Map of Silk Roads Sites in Turkmenistan
The coordinates shown for all tentative sites were produced as a community effort. They are not official and may change on inscription.
I visited the silk road site of Anau in June 2017. Being relatively close to Ashgabat (around 8km) I made an extra effort to visit the remains of the Seyitdzhemaliddin Mosque included on Turkmenistan's tentative list.
Anau derives from Abi-anau meaning new water and surely enough there's a well and water system just next to the mosque. The mosque was heavily damaged by the Ashgabat earthquake, however locals still pray (mostly for fertility) at this site. There are a few turquoise tiles left but nothing really outstanding which would add value to the WH list in my opinion.

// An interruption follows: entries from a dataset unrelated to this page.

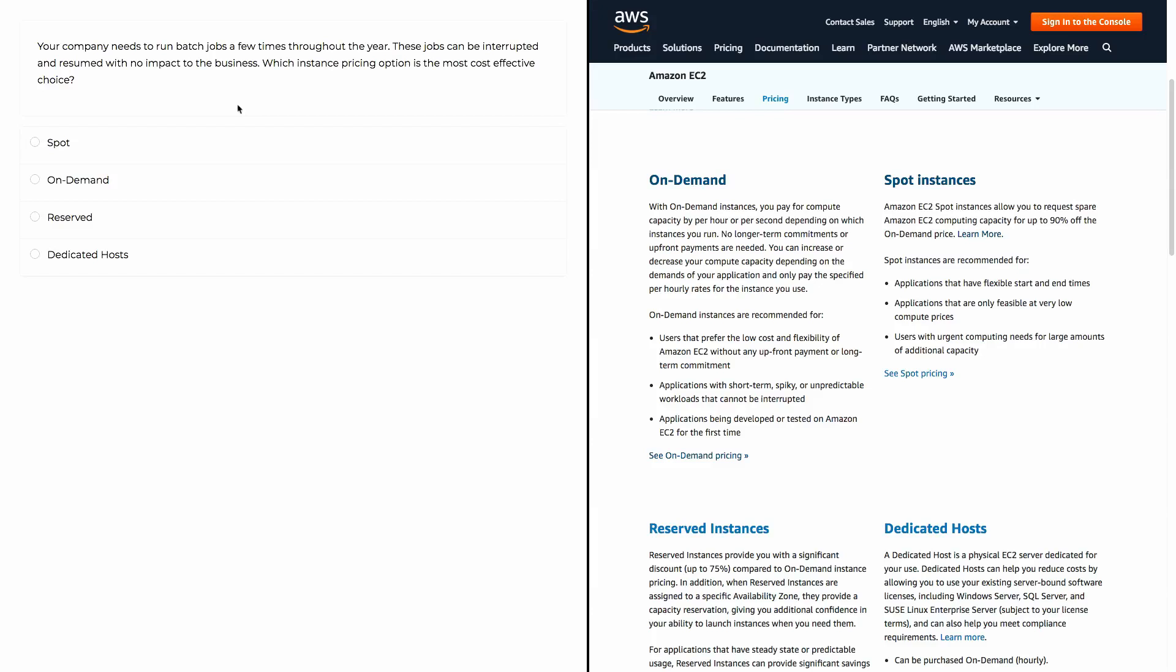Your company needs to run batch jobs a few times throughout the year. These jobs can be interrupted and resumed with no impact to business. Which instance pricing option is the most cost-effective choice?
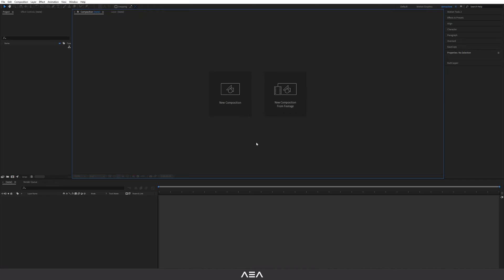Hey what's up guys, welcome back to another tutorial. In this tutorial I'm gonna show you guys how you can easily create this gradient blur background animation inside After Effects. So let's get started.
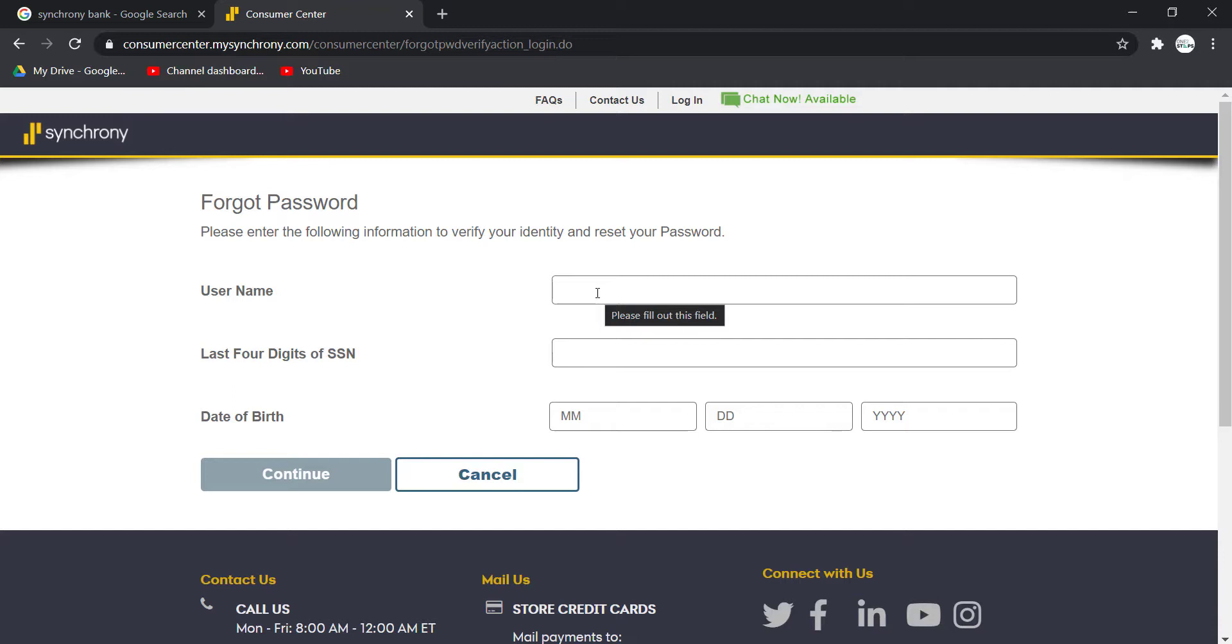After you've entered these, you'll have to follow all the steps provided to you and once you've done that, you'll be successfully able to reset the password of your Synchrony Bank's online banking account.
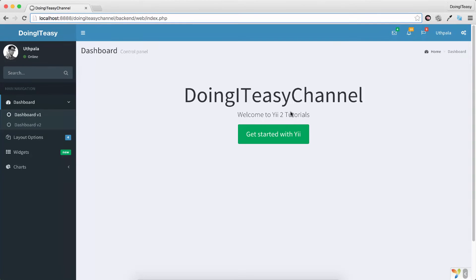Hello everyone. Welcome back to the Doing It Ace channel. Today we are going to learn about cookies in A2. We will learn how to set a cookie, how to check if it exists, and if so, we are going to get the value of that cookie and print it out.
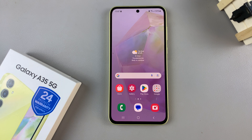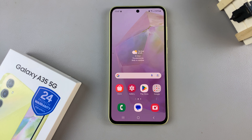In today's video, I'll be showing you how to change the icon theme on the Samsung Galaxy A35 5G.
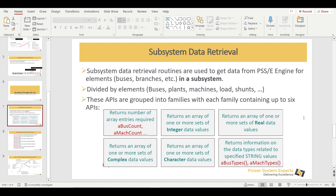Welcome back everyone. This is the final part of the data retrieval session. We are going to discuss subsystem data retrieval, also called group data retrieval. The PSSE API gives you a facility to retrieve data in bulk — for instance, bus data, branch data, and generator data in the form of a subsystem.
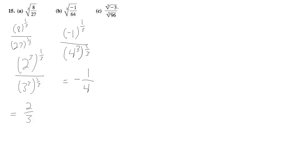Now this one's a little bit different, but what we can do here is write this as the same thing as the whole thing, the fifth root of...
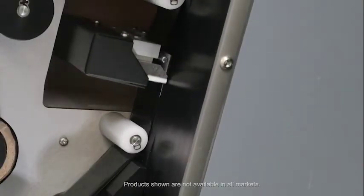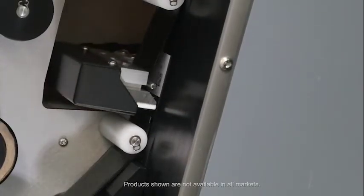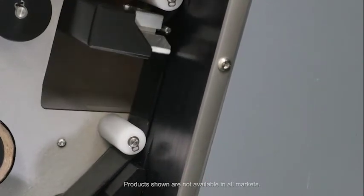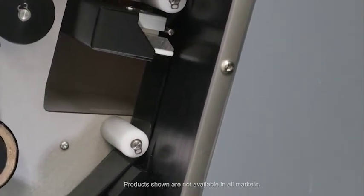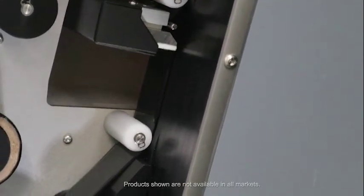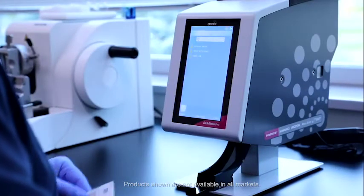The system's vertical print orientation uses gravity to feed slides, reducing the number of moving parts and the stress of the instrument.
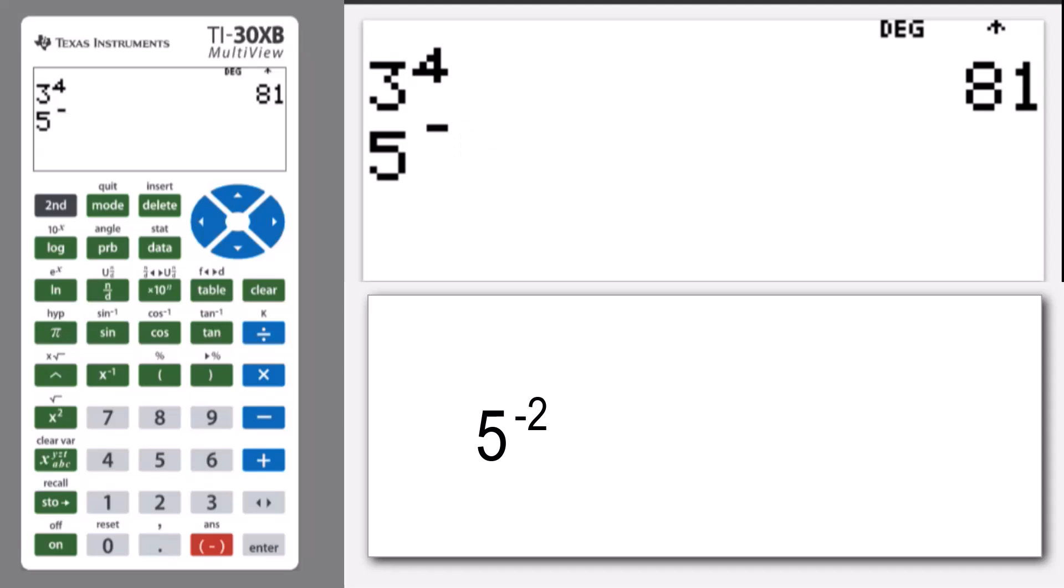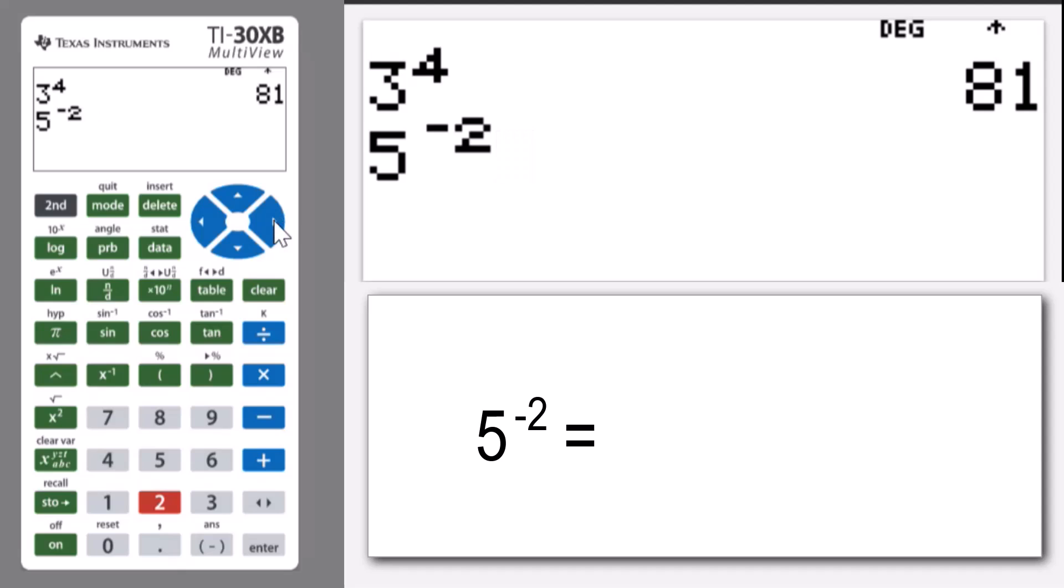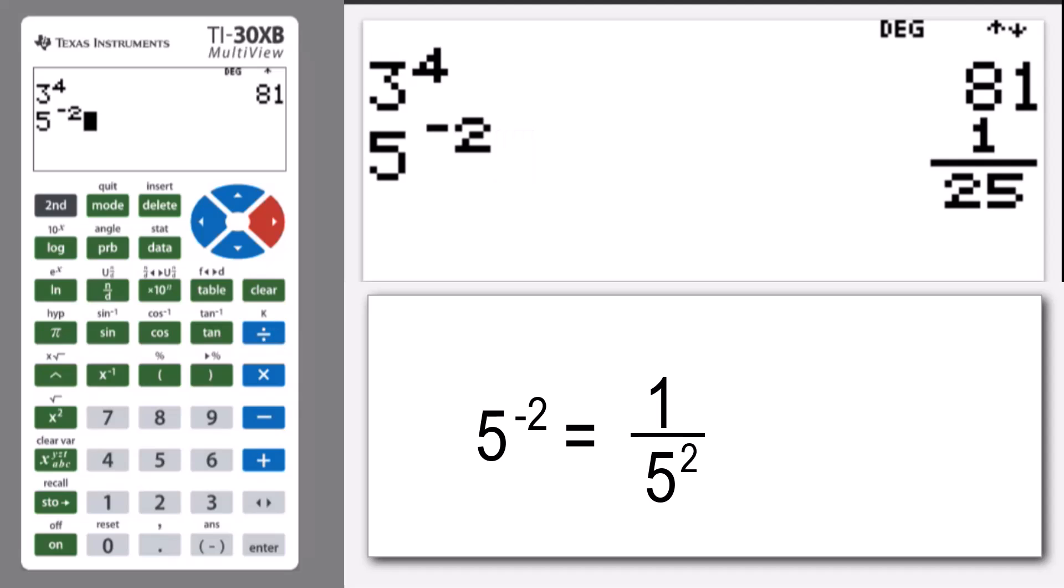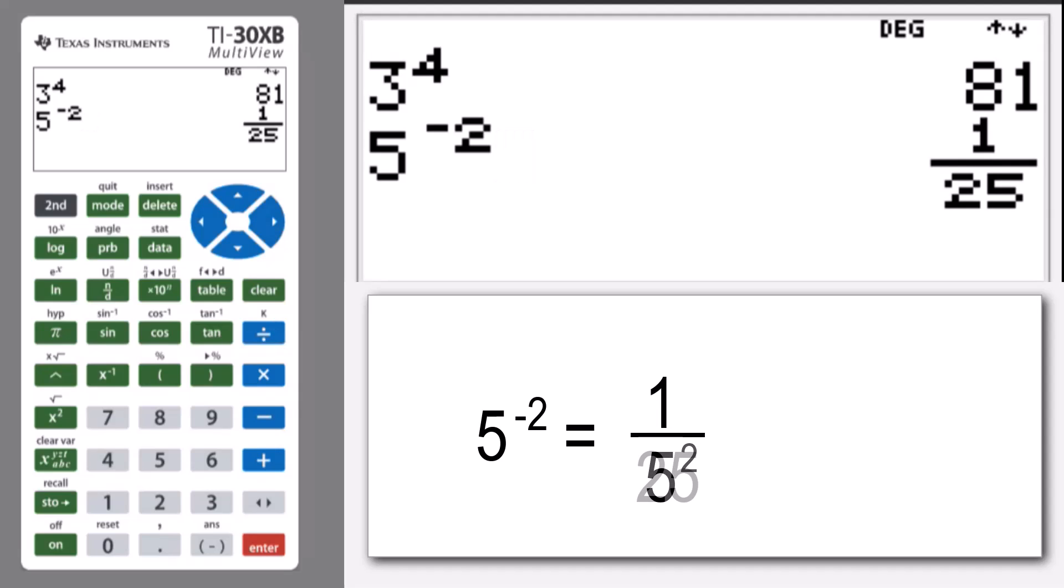use the negative button from down the bottom, not the subtract. Let's get out of the index by using the right arrow and pressing enter. We can see it gives it to us as a fraction.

The road between Mary and Ashgabat is possibly the most boring stretch that I have ever travelled on. My fellow travellers made a joke out of it - "Is this on your List too? It should be." It took us over 7 hours to reach the Turkmen capital. Our minibus could only reach an average speed of 50km per hour because of the many holes and bumps in the road.
An hour before we arrived in Ashgabat we had a final stop to stretch our legs. It was at a place called Abiwerd just near the road. I took some obligatory photos, just in case this tiny archeological site would ever show up on a WH or Tentative List.
My surprise couldn't have been bigger when I came home and discovered that Turkmenistan had just entered a new Tentative Site called "Silk Roads Sites in Turkmenistan". And what is part of it? Abiverd!
Abiverd or Abiwerd is an ancient fortified settlement. The remains near the road are merely silhouettes of ancient structures, although a local boy came to us to point out a fortress a bit further inland.